Il Cortile

February 26, 2016 / Local Interest
Rome, Lazio

A portone (lit. big door) is the main door of a building onto a street, and in Italy they tend to never reveal much. Usually, such as in Renaissance buildings, there is a private open-air courtyard once you go through them.

The Umbertino era buildings however (from King Umberto I, meaning late 19th century) tended to be built on the outskirts of expanding cities where space was more plentiful. (They are now usually part of the downtowns of cities which have since expanded even further.) So like the Renaissance palazzi, the portoni of these larger buildings also hide access to a cortile, yet in these cases the portoni act as gates to cortili of staggering proportions.


Step through the portone, passing the portineria (doorman’s kiosk) of the ever-watchful portiere (doorman/concierge), and you are usually greeted with one or more landscaped islands of flowering bushes and trees, fountains, and potted flowers everywhere.


There are also common utility areas such as bike and motorino parking spaces, and of course the pebble paths that lead to the various scale (stairwells) of the apartments. Lounging cats always abound.


Enter a cortile during the evening or weekend when the children are home from school, and you’ll have to look both ways at every step to avoid being run over by tykes on trikes racing around the paths (often with the portiere hollering and chasing them). If you survive the races, you might not survive the errant soccer ball, which incurs the hollering wrath of (mostly 1st and 2nd floor) parents instead, threatening repercussions if a window gets broken. (Se rompi er vetro te rompo a te! Roman for “If you break a window I’ll break you!” Or the all time Roman classic Se te fai male te meno, a categorical “If you hurt yourself I’ll spank you.”)

Look up and you will see how all the apartments have such windows facing the inside of the cortile, out of which flowers as well as laundry is usually hung. (Electricity is expensive in Italy, space inside the flats is limited, and the weather is good, hence…).


Walk into such a cortile at noon on Sunday, and the cumulative and compounded smells of the main weekly family meals being prepared by the mamme and nonne wafting through the air is enough to buckle knees.

This cortile is actually so big that it has a building of its own in the middle of it. This cortile building now holds a nido (lit. nest, meaning nursery school) with a storage space converted into a handy stroller parking area, but it obviously was once a multi-purpose space that included the bucataio (communal – hand-washing – laundry room) and Pediatric medical facility (obviously for the entire neighborhood, not just this building’s residents).


The cortile also proudly displays the various Roman bits mounted on a wall in the ingresso (foyer, entrance) that were likely unearthed whenever construction work or repairs have been done on the grounds.




by GB Bernardini

Editor, Italian Notebook

15 Responses to “Il Cortile”

  1. Gale in CT

    Loved this article. It gave an insight into architecture and daily life….always a great combo for learning about Italian ingenuity and practicality. Thank you, GB.

  2. Colleen Simpson

    Compliment!! Really enjoy this “inside” look at what daily life in il Cortile is like. Would never have known about the Nido and what it could have been in the past, like a communal washing place and a pediatric clinic. Just a lovely and well written piece. Thanks for sharing it with us.

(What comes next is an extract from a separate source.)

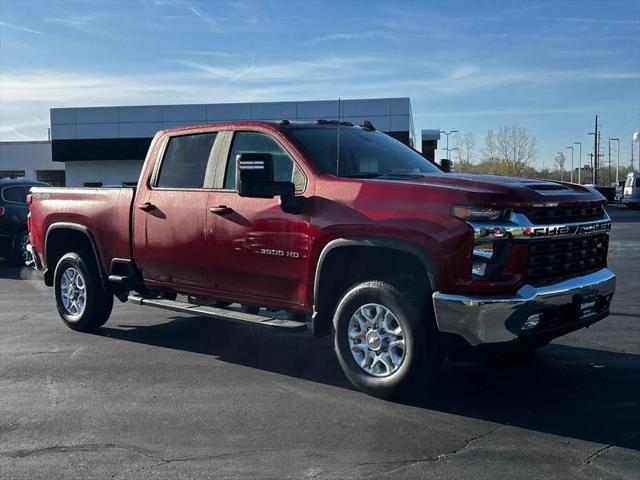 2022 Chevrolet Silverado 3500HD 4WD Crew Cab Standard Bed LT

  3. This is great! And I just LOVE when you include Roman sentences. Se te fai male te meno….how many memories! Thanks, GB. Emanuela

  4. Loved your post GB. Reminded me of the many many strolls over the years in Rome with my husband – recently deceased – where IF a portone was aperto we’d scurry over to get a peek into that courtyard !!

  5. Marianna Raccuglia

    Thank you, GB f or another interesting article. I have always wanted to know and see what
    was behind those mysterious doors whenever I walked while in Rome.

  6. Angela Finch

    GB can you tell me whether it is a requirement before a new building development that the local archaeology dept have to carry out an exploration of the site as in the UK.

  7. Pat Carney Ceccarelli
    Pat Carney Ceccarelli

    I just knew this was one of GB’ s Rome. Thank you for sharing your lens on Rome and life in Italy!

  8. John Samuels

    Thank you for showcasing our home – Via Marmorata 169. It’s a wonderful building with great neighbors.

  9. Don Hilliker

    Could you tell me the address of the building? It looks very much like a building on Amerigo Vespucci in Testaccio where my wife and I have rented an apartment on several occasions. Very much enjoyed the article. Brought back fond memories.

    • GB

      Hi Don, I’m guessing that’s the one! The main entrance is on Via Marmorata 169 (as per John Samuels’ comment above). Wasn’t aware of an entrance on Via Amerigo Vespucci, but it’s very likely that is has one there as that is the side street.

  10. Janet Eidem

    Marvelous read! The details of daily life interwoven with the structure of the past makes this so enjoyable. I love getting an inside view of Italian life.

  11. Patrizia

    Reminds me of the song by Celentano, “Il Ragazzo della Via Gluck” with the line, “Potrai lavarti in casa senza andar gi├╣ nel cortile!”